ACTION ITEM
Would you copy exactly the lines in the data below from the one that has "Vắng b&oacute;ng người" through the one that has "Pareja feliz sonriendo", dropping any pictures?

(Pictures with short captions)
*** Block opens ***

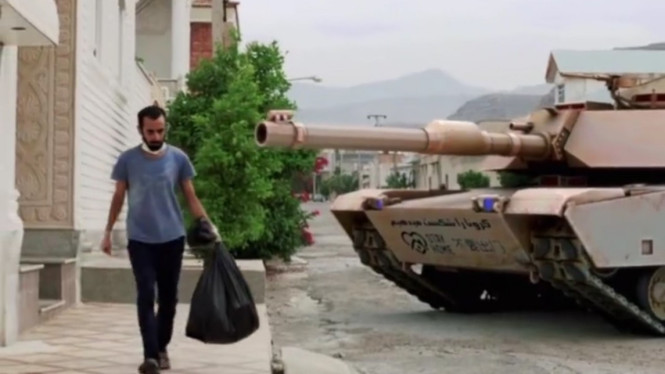 Lockdown warga keluar ditodong tank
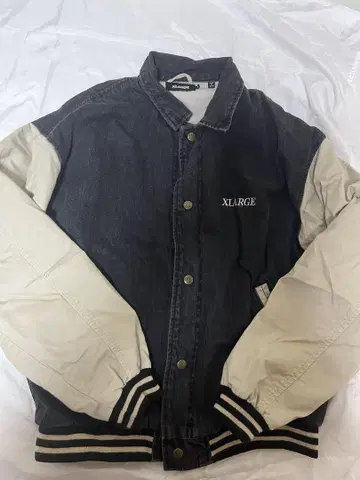 XLARGE 바시티 자켓 M 사이즈 블랙/아이보리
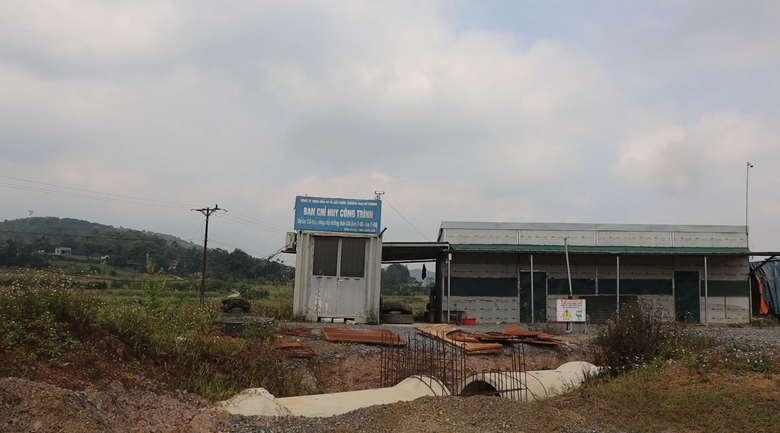 Vắng b&oacute;ng người thi c&ocirc;ng tại dự &aacute;n đường h&agrave;ng trăm tỷ ở H&ograve;a B&igrave;nh - Ảnh 2.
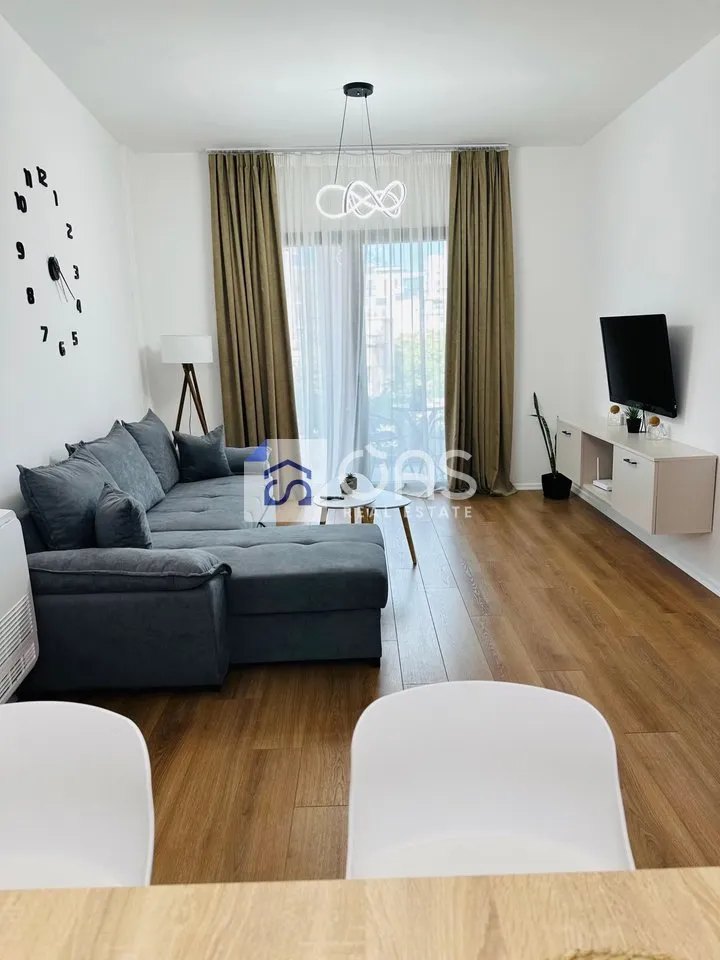 Apartament 1+1 me qera në Rruga e Kavajës, Tiranë, 80 m². Foto 1 nga 7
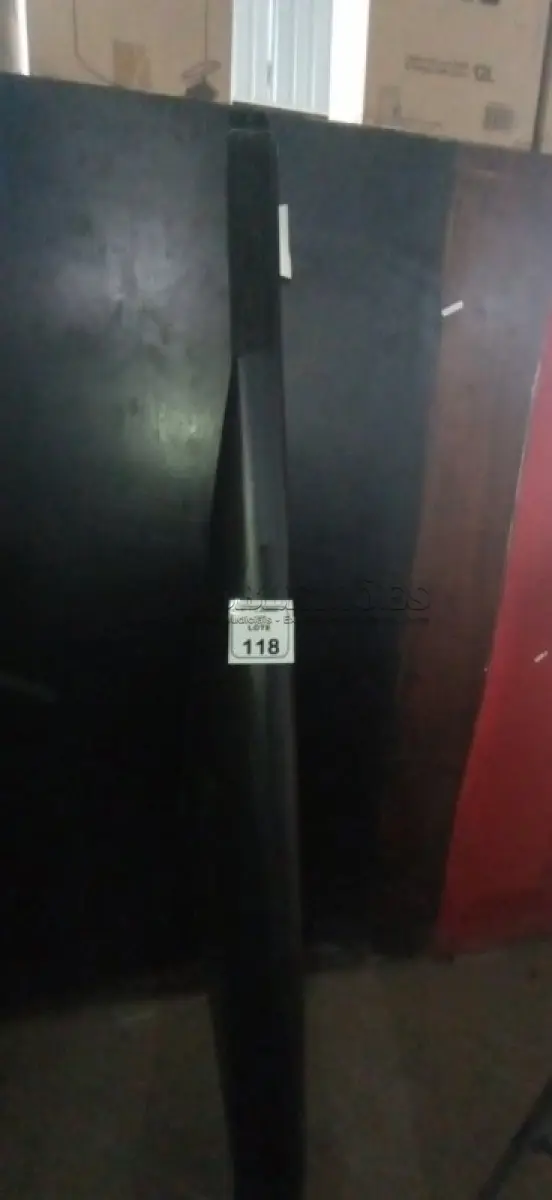 LOTE 118 - 01 TELA DE PROJEÇÃO RETRÁTIL. (NO ESTADO) ATENÇÃO! FAZER A VISITAÇÃO ANTES DE ARREMATAR, NÃO SABEMOS SE FUNCIONA, LEILÃO NÃO TEM GARANTIA E NEM DEVOLUÇÃO, SUJEITO A POSSÍVEIS AVARIAS VISÍVEIS/OCULTAS E/OU AUSÊNCIA DE COMPONENTES.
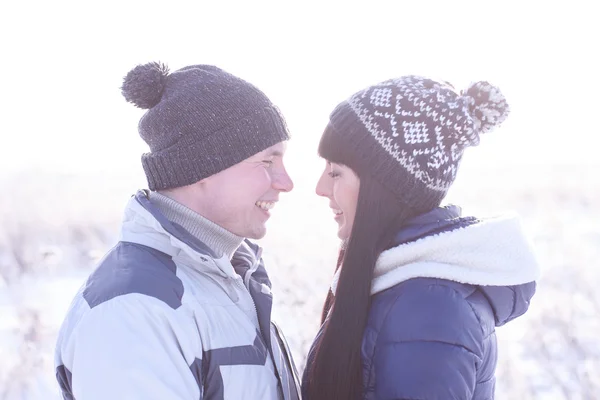 Pareja feliz sonriendo en invierno — Foto de Stock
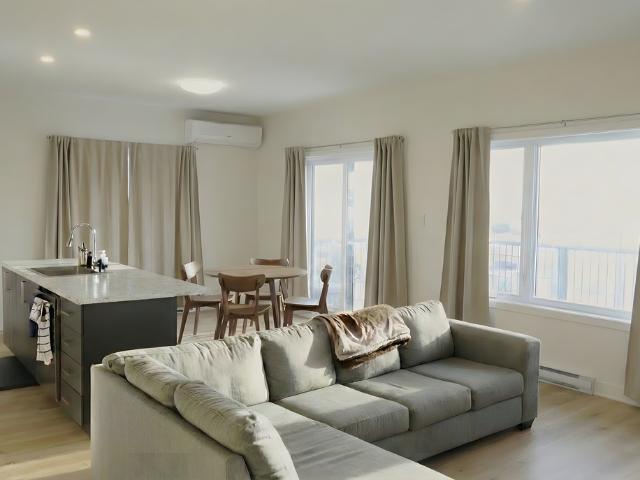 Appartement à Louer 84, P.J. Lemoyne, Saint Polycarpe 9 photos | Logis Québec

*** Block closes ***

OUTPUT OF THE EXERCISE
 Vắng b&oacute;ng người thi c&ocirc;ng tại dự &aacute;n đường h&agrave;ng trăm tỷ ở H&ograve;a B&igrave;nh - Ảnh 2.
 Apartament 1+1 me qera në Rruga e Kavajës, Tiranë, 80 m². Foto 1 nga 7
 LOTE 118 - 01 TELA DE PROJEÇÃO RETRÁTIL. (NO ESTADO) ATENÇÃO! FAZER A VISITAÇÃO ANTES DE ARREMATAR, NÃO SABEMOS SE FUNCIONA, LEILÃO NÃO TEM GARANTIA E NEM DEVOLUÇÃO, SUJEITO A POSSÍVEIS AVARIAS VISÍVEIS/OCULTAS E/OU AUSÊNCIA DE COMPONENTES.
 Pareja feliz sonriendo en invierno — Foto de Stock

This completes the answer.